By telling it not to lie to you, you're biasing it toward a particular output in the event that its confidence is low. Otherwise, low confidence results just fall out somewhere mostly random.
> By telling it not to lie to you, you're biasing it toward a particular output in the event that its confidence is low.
This is something I really don't understand about LLMs. I think I understand how the generative side of them work, but "asking" it to not lie baffles me. LLMs require a massive corpus of text to train the model, how much of that text contains tokens that translate to "don't lie to me", and scores well enough to make its way into the output?
> Is this anthropomorphizing? Yep. But that's the best way I've found to reason about them.
My take? It's like a high-schooler being asked a question by the teacher and having to answer on the spot. If they studied the material well, they'll give a good and correct answer. If they (like me, more often than I'd care to admit) only half-listened to the lectures and maaaaybe skimmed some cliff's notes before class, they will give an answer too - one strung together out of few remembered (or misremembered) facts, an overall feel for the problem space (e.g. writing style, historical period, how people behave), with lots and lots of interpolation in between. Delivered confidently, it has more chance of avoiding a bad mark (or even scoring a good one) than flat-out saying, "I don't know".
Add to that some usual mistakes out of carelessness and... whatever it is that makes you forget a minus sign and realize it half a page of equations later - and you get GPT-4. It's giving answers like a person who just blurts out whatever thoughts pop into their head, without making a conscious attempt at shaping or interrogating them.

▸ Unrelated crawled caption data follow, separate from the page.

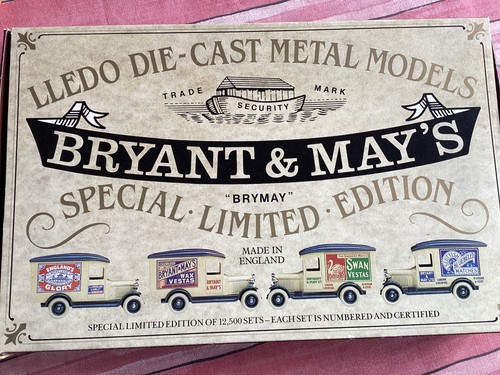 Lledo die cast models - lledo, die-cast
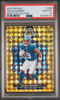 Graded 2024 Panini Mosaic Malik Nabers #306 Reactive Yellow Rookie RC Football Card PSA 10 Gem Mint by Hall of Fame Sports Memorabilia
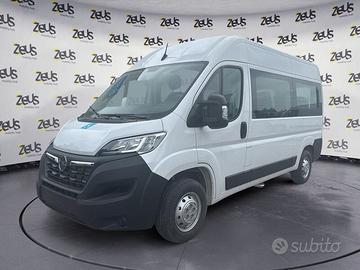 Opel Movano 35 2.2 BlueHDi 140 S&S PM-TM Furg...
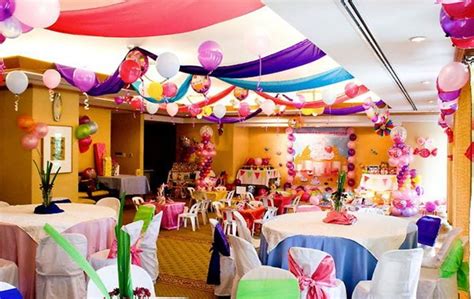 Party Decorating Ideas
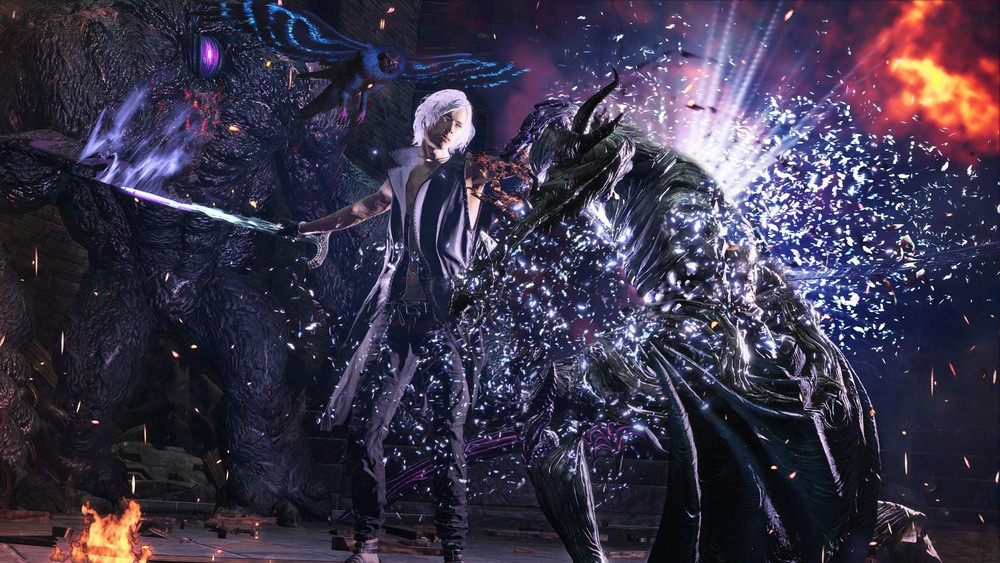  Devil May Cry 5 - Special Edition Xbox-Spiel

> Is this anthropomorphizing? Yep. But that's the best way I've found to reason about them.
I think it might be more accurate to say, "LLMs are writing a novel in which a very smart AI answers everyone's questions." If you were writing a sci fi novel with a brilliant AI, and you knew the answer to some question or other, you'd put in the right answer. But if you didn't know, you'd just make up something that sounded plausible.
Alternately, you can think of the problem as the AI taking an exam. If you get an exam question you're a bit fuzzy on, you don't just write "I don't know". You come up with the best answer you can given the scraps of information you do know. Maybe you'll guess right, and in any case you'll get some partial credit.
The first one ("writing a novel") is useful I think in contextualizing emotions expressed by LLMs. If you're writing a novel where some character expresses an emotion, you aren't experiencing that emotion. Nor is the LLM when they express emotions: they're just trying to complete the text -- i.e., write a good novel.
the incidence of "i don't know" in response to questions in the training data is pretty low if present at all, and even if it were you'd still need to frame those I don't know answers such that they apply to the entire dataset accurately. This is obviously a gargantuan undertaking that would not scale well as data is added, and so right now the idea or concept of not knowing something is not taught. At best you'd build a model that handles human language really well then retrieves information from a database and uses in context learning to answer questions, where a failure to find info results in an i don't know.
What is taught indirectly though is level of certainty, so if you get LLM's to rationalise their answers you tend to get more reliable evidence based answers.
Bottom line, teaching a monolithic model what it means to not know something with certainty, is difficult and not currently done. You'll likely get a lot of false negatives.